··· Exercise inputs ···

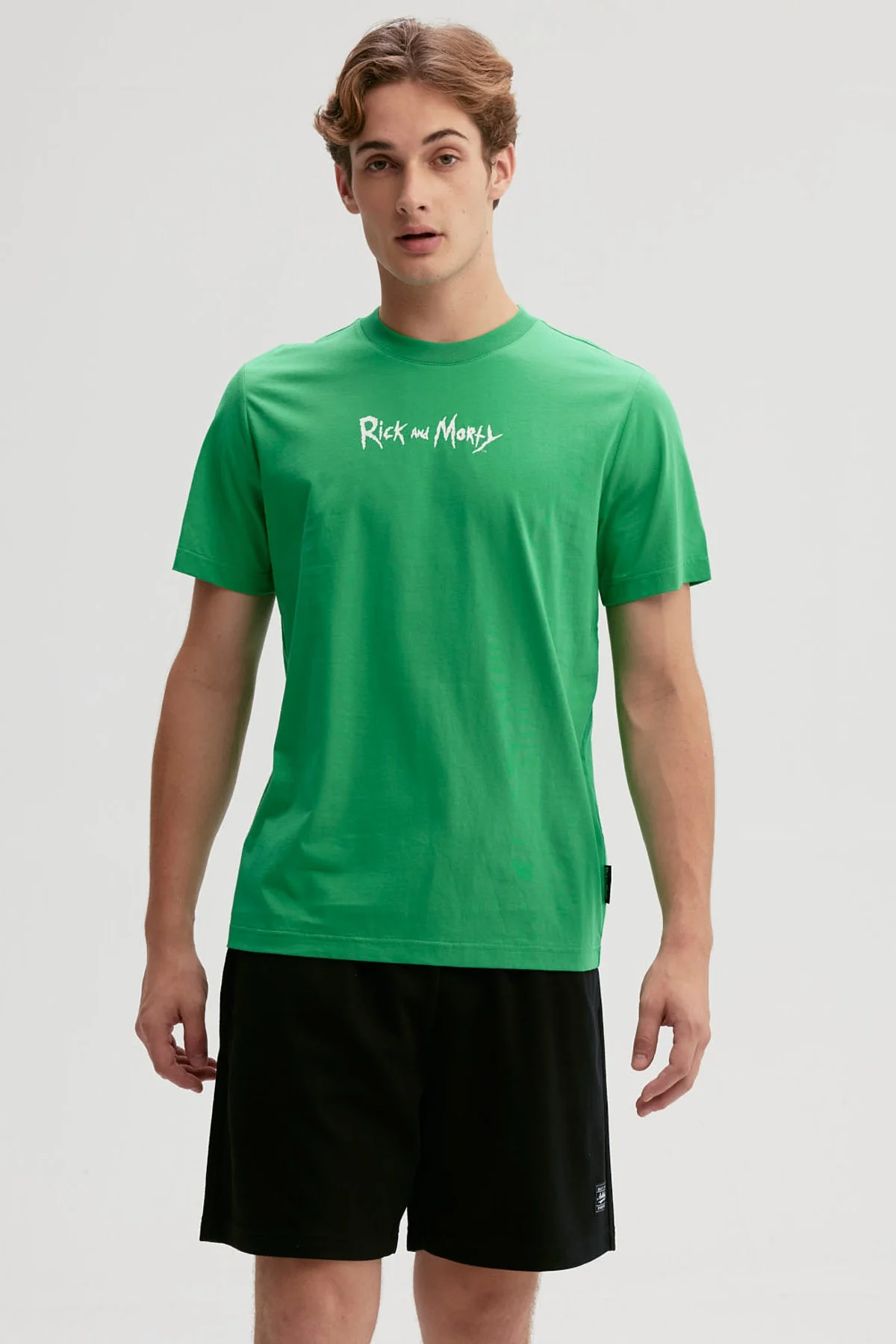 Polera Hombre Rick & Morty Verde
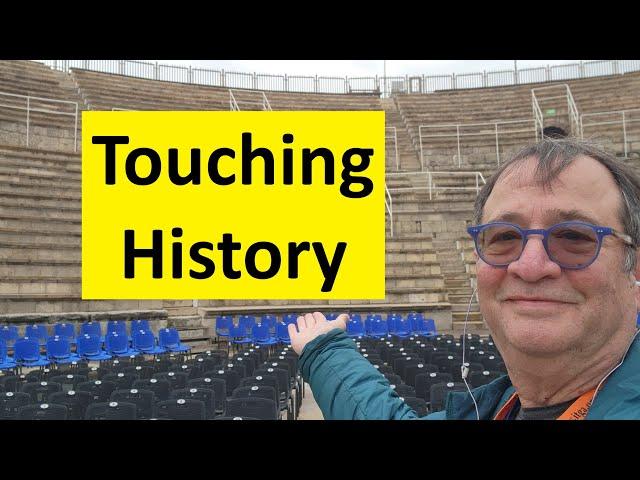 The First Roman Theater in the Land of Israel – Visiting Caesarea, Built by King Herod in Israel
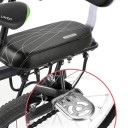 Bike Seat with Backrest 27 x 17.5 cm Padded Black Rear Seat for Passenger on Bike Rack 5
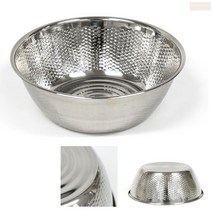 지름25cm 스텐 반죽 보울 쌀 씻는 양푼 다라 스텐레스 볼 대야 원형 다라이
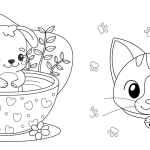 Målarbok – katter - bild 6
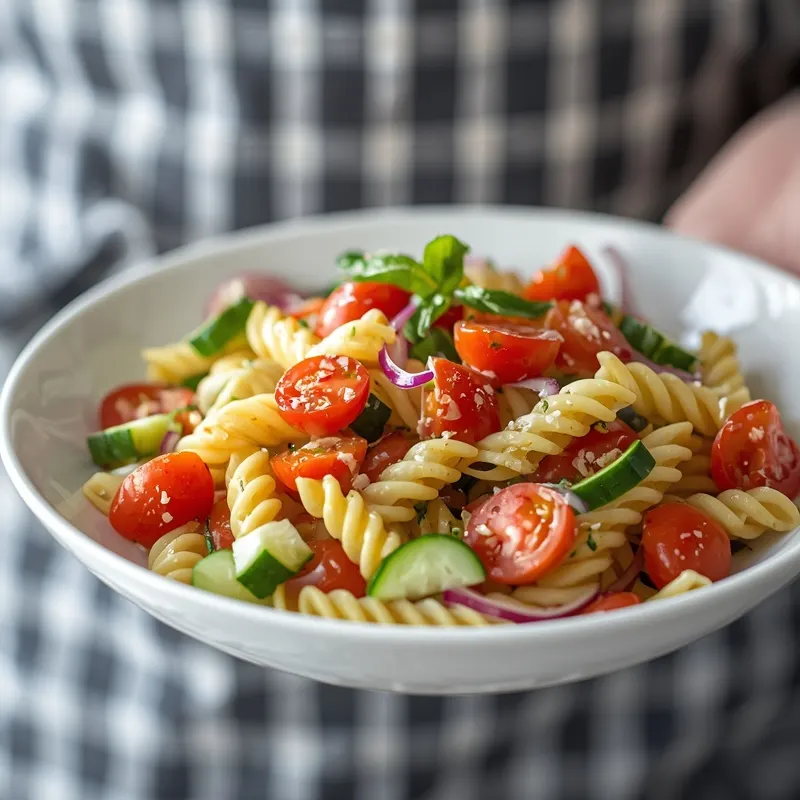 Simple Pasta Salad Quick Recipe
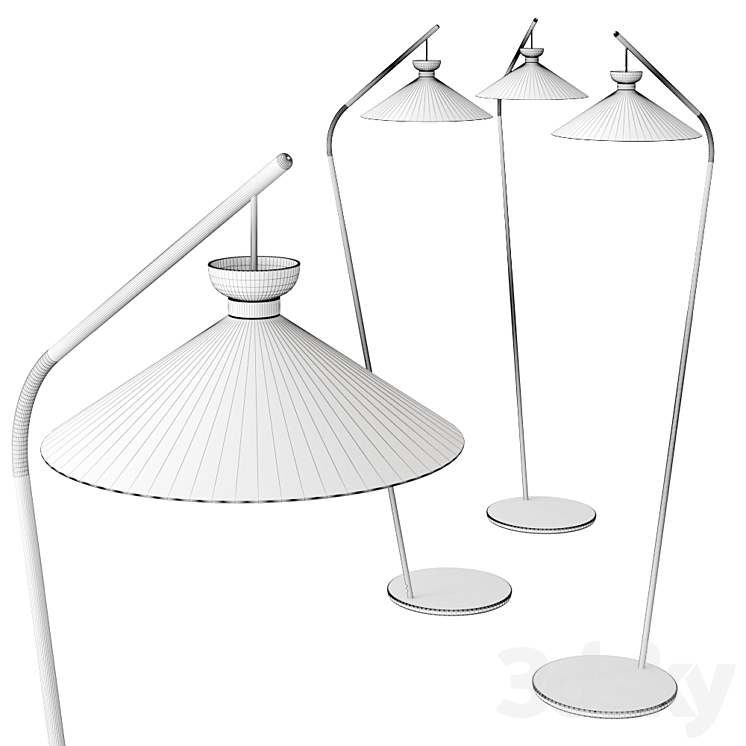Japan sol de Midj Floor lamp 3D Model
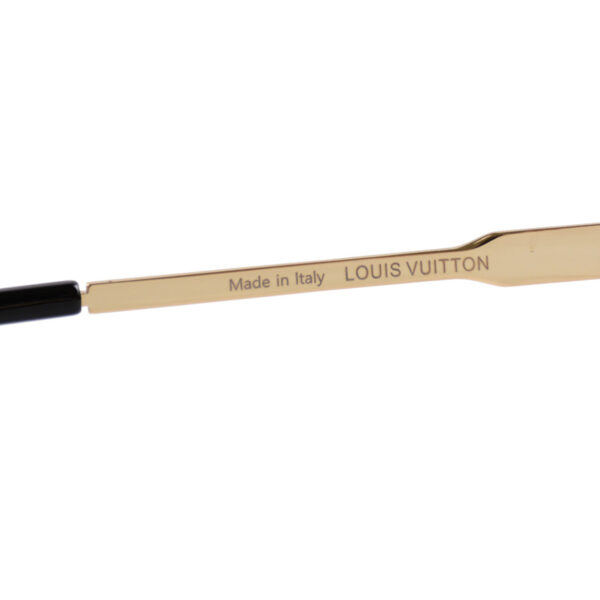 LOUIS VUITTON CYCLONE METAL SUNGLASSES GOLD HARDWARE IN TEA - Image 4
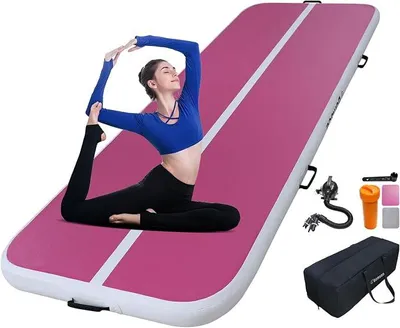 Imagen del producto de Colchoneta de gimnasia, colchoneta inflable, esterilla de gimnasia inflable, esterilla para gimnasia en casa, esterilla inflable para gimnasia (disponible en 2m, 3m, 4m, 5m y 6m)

···

### Problem to solve
Without copying the pictures, transcribe the entries exactly.

### Solution to the exercise
 Polera Hombre Rick & Morty Verde
 The First Roman Theater in the Land of Israel – Visiting Caesarea, Built by King Herod in Israel
 Bike Seat with Backrest 27 x 17.5 cm Padded Black Rear Seat for Passenger on Bike Rack 5
 지름25cm 스텐 반죽 보울 쌀 씻는 양푼 다라 스텐레스 볼 대야 원형 다라이
 Målarbok – katter - bild 6
 Simple Pasta Salad Quick Recipe
Japan sol de Midj Floor lamp 3D Model
 LOUIS VUITTON CYCLONE METAL SUNGLASSES GOLD HARDWARE IN TEA - Image 4
 Imagen del producto de Colchoneta de gimnasia, colchoneta inflable, esterilla de gimnasia inflable, esterilla para gimnasia en casa, esterilla inflable para gimnasia (disponible en 2m, 3m, 4m, 5m y 6m)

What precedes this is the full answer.